** Work task **
Any image found in the entries is to be skipped; the rest is returned word for word.

** Items listed in a dataset **
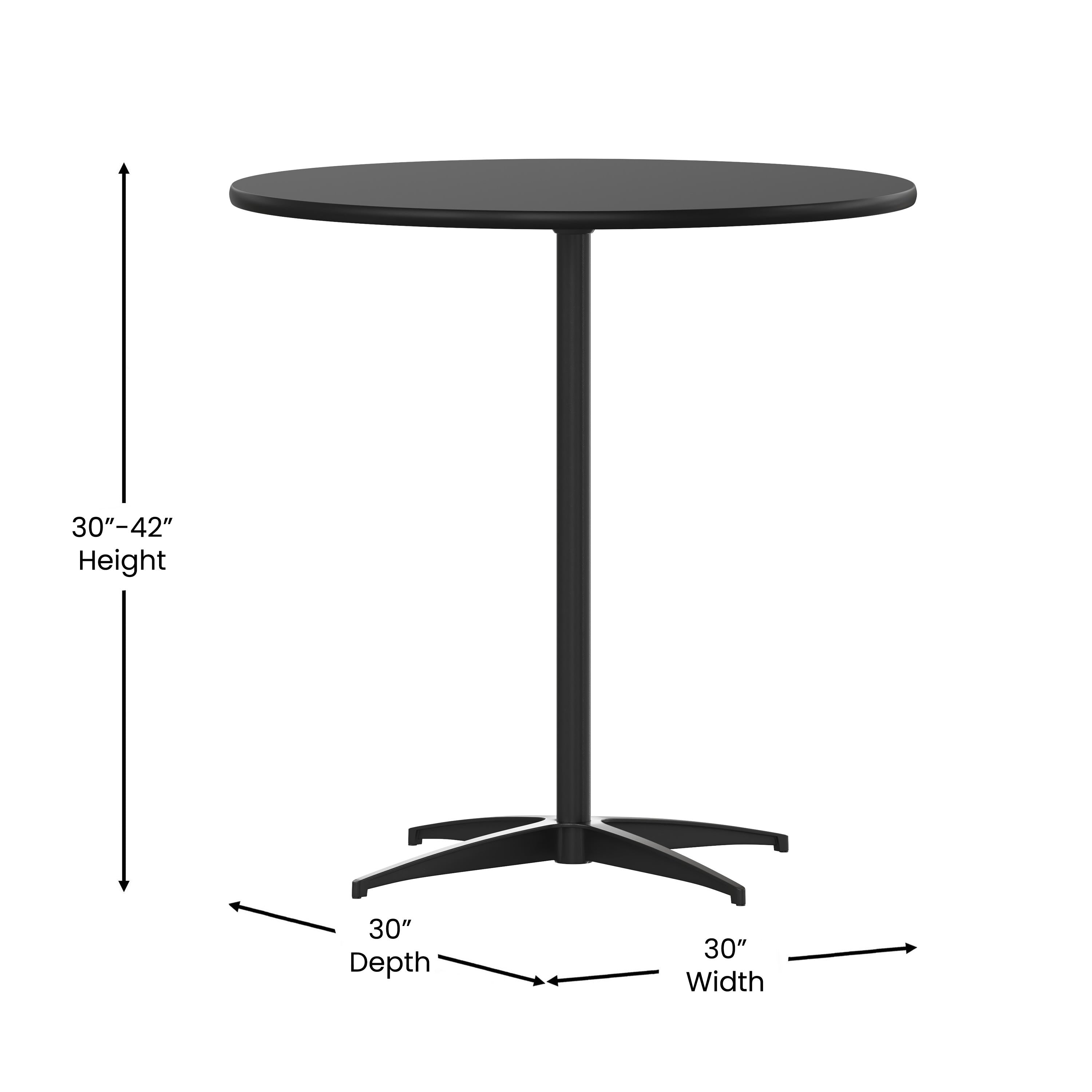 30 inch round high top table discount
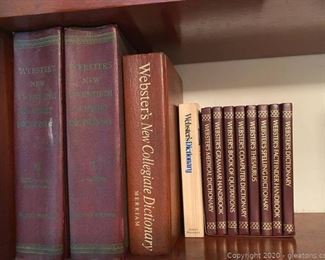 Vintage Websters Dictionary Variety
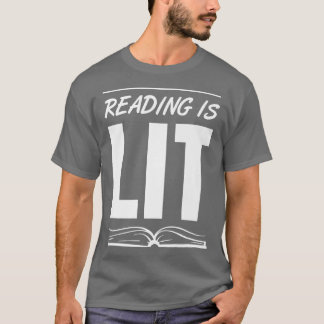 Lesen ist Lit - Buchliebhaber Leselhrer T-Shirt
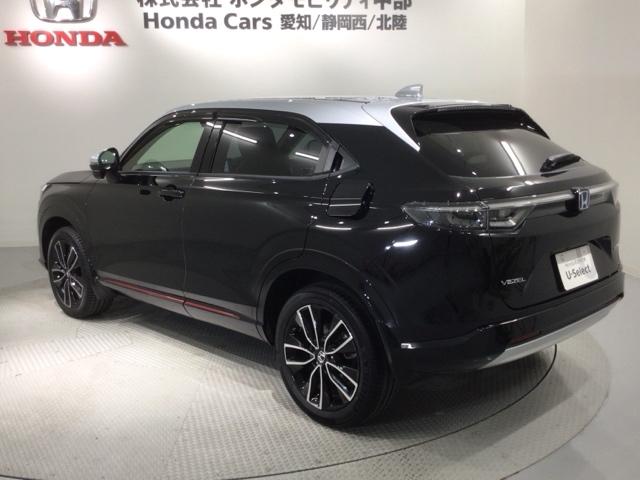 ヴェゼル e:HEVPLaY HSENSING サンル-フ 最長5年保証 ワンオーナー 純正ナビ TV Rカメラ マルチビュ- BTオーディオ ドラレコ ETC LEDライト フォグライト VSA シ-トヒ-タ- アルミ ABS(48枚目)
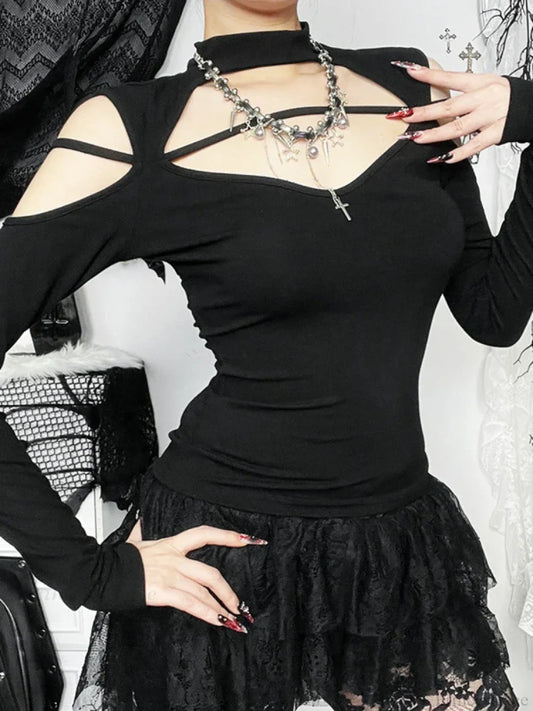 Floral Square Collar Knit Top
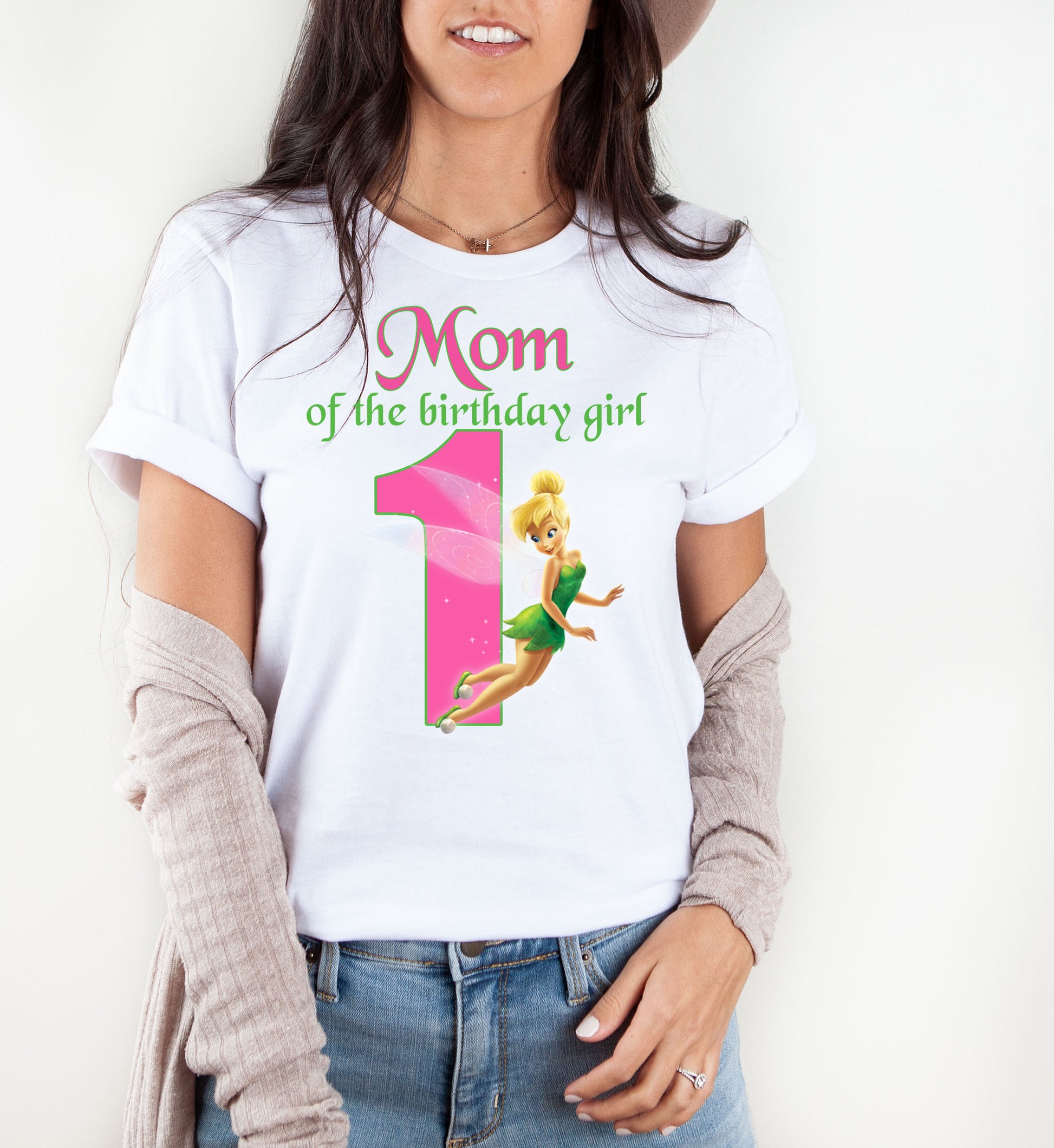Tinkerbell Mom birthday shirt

** Answer for this exercise **
 30 inch round high top table discount
 Vintage Websters Dictionary Variety
 Lesen ist Lit - Buchliebhaber Leselhrer T-Shirt
 ヴェゼル e:HEVPLaY HSENSING サンル-フ 最長5年保証 ワンオーナー 純正ナビ TV Rカメラ マルチビュ- BTオーディオ ドラレコ ETC LEDライト フォグライト VSA シ-トヒ-タ- アルミ ABS(48枚目)
 Floral Square Collar Knit Top
Tinkerbell Mom birthday shirt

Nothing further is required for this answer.